What I Keep, What I Let Go
December 15, 2019 2 min read

At the end of 2019, I did a quiet audit of my life — my desk, my digital files, even my thoughts.
It wasn’t about “decluttering” in the trendy sense. It was about noticing the quiet weight of things that no longer served me.
I opened folders full of half-finished projects. Ideas I once thought were urgent now looked like artifacts from a different version of myself.
Emails saved “for reference.” Screenshots of things I would never revisit.
I saw, for the first time, how much mental real estate these forgotten fragments were occupying.
Letting go wasn’t difficult because of sentimentality — it was difficult because every item was a story I hadn’t finished telling.
I kept convincing myself I’d get back to them “someday.”
But someday is a word that buries the present.
So I started asking one question:
“If I let this go, what space will it create?”
The answers surprised me.
When I deleted old code snippets, I made space for cleaner ideas.
When I cleared old camera rolls, I noticed patterns — the kind of photos I kept taking, the light I always chased.
When I recycled unused gear and cleared physical clutter, the air literally felt lighter.
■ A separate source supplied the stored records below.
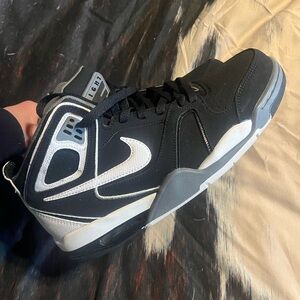 Men’s Nike Air Flight Falcon 11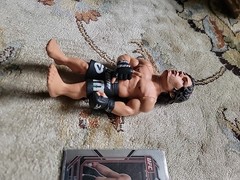 Round 5 URIJAH California Kid FABER UFC Figure W/ Panini Prizm Card Sleved Mint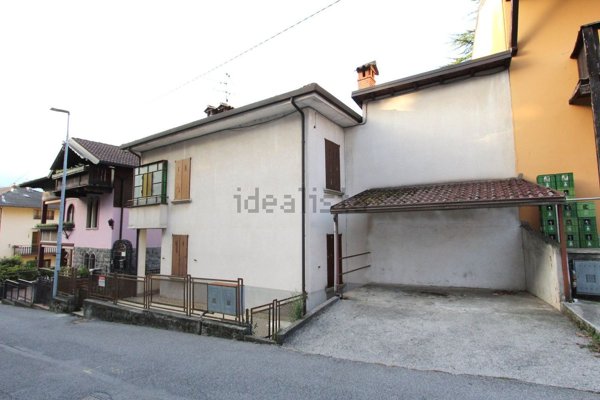 appartamento in vendita a Premolo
I realized that minimalism isn’t just about owning less — it’s about carrying less psychologically.
Every digital folder and box under the bed represented a small fragment of deferred emotion — tiny commitments that whispered “you still owe me attention.”
Letting go became a way to reclaim attention.
I didn’t keep only the beautiful or useful things.
Some things stayed simply because they still meant something — a letter from my daughter, a camera that taught me to see, a notebook full of messy ideas that still felt alive.
What remained started to feel like a map — a record of what still defines me, stripped of what doesn’t.
That process became a quiet ritual I now repeat every year: open, review, release.
Not as a performance of tidiness, but as a reminder that freedom doesn’t come from control.
It comes from clarity.

Every choice to keep something is also a choice to carry it.
And sometimes, the heaviest things are the ones we refuse to name.